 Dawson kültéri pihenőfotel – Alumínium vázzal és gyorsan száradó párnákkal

---

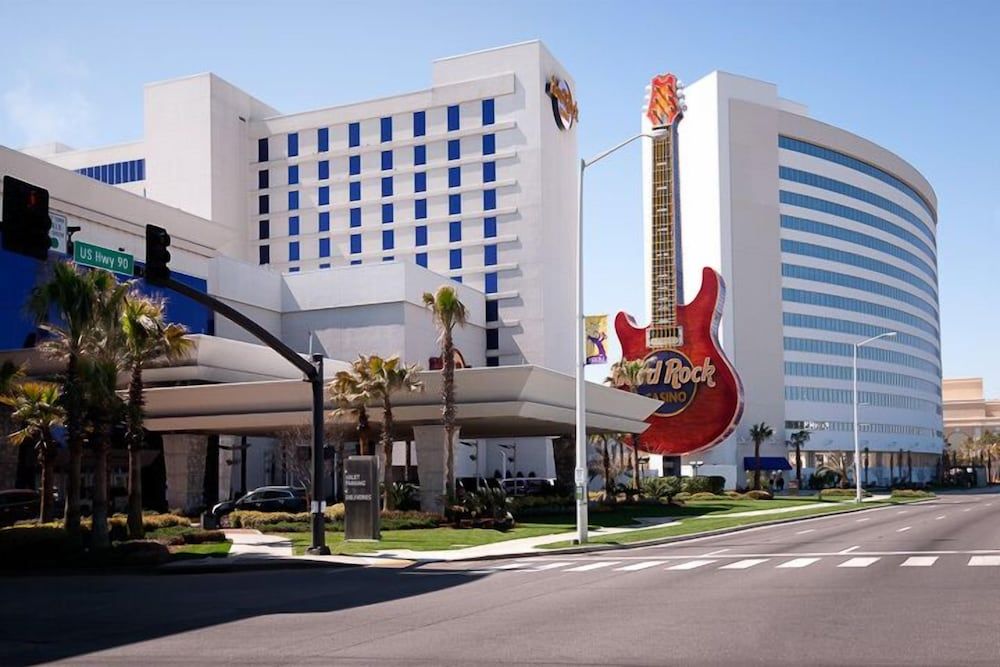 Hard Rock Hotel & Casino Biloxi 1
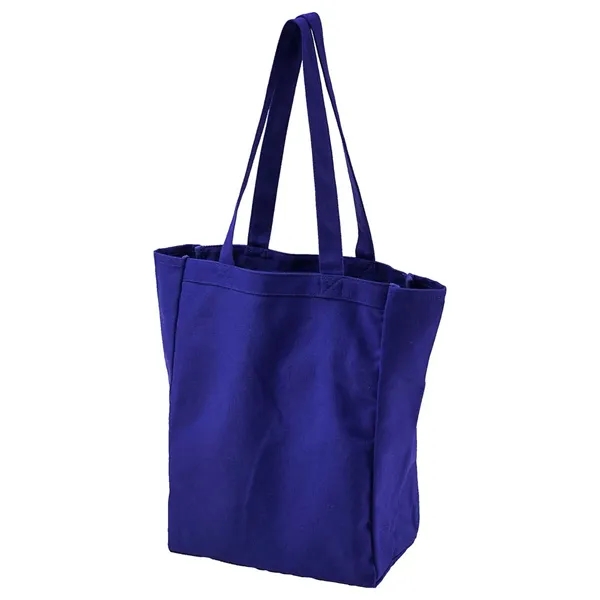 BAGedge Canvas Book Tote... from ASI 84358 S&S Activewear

** Work to be completed **
In the records above, everything from the line with "Hard Rock Hotel & Casino Biloxi 1" down to the line with "BAGedge Canvas Book" is to be set down exactly, both ends included, with no pictures and no other lines.

** Result of the task **
 Hard Rock Hotel & Casino Biloxi 1
 BAGedge Canvas Book Tote... from ASI 84358 S&S Activewear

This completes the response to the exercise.